Но на все прошения издателя из Главного управления по делам печати следовал отказ. Сытин решил действовать через приват-доцента Московского университета Анатолия Александрова. Редактор православно-монархического журнала «Русское обозрение», внешне безалаберный и даже напоминавший неряшливой внешностью «нигилиста», Александров был более чем благонадежен и истово набожен, а потому пользовался доверием и покровительством самого обер-прокурора Синода Победоносцева. Мог он вполне рассчитывать и на поддержку начальника Главного управления по делам печати Е. М. Феоктистова, время от времени печатавшегося в «Русском обозрении». В общем, приват-доцент подал прошение о разрешении на издание газеты, а Сытин сколотил под нее финансовую компанию, сумев завлечь перспективой возможных прибылей знаменитого московского адвоката Ф. Н. Плевако, сызранского купца В. Ревякина, литографа М. Т. Соловьева.

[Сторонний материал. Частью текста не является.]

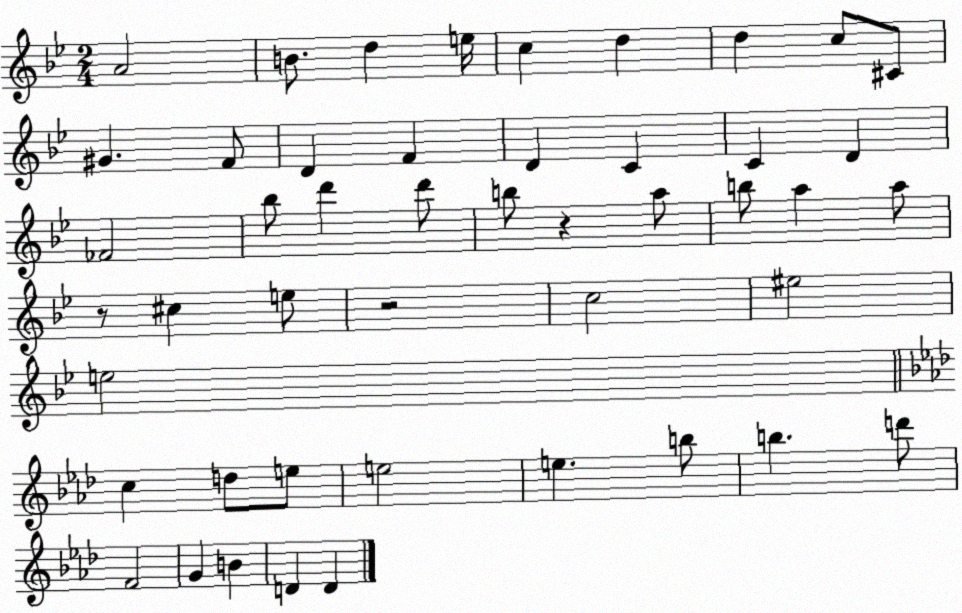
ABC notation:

X:1
T:Untitled
M:2/4
L:1/4
K:Bb
A2 B/2 d e/4 c d d c/2 ^C/2 ^G F/2 D F D C C D _F2 _b/2 d' d'/2 b/2 z a/2 b/2 a a/2 z/2 ^c e/2 z2 c2 ^e2 e2 c d/2 e/2 e2 e b/2 b d'/2 F2 G B D D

К ним присоединился знакомый Плевако крымский помещик И. А. Вернер. В октябре 1894 года было получено разрешение, и с 1 января следующего года в Москве стала выходить без предварительной цензуры, под редакторством Александрова, новая «ежедневная политическая, общественная, экономическая и литературная газета» «Русское слово».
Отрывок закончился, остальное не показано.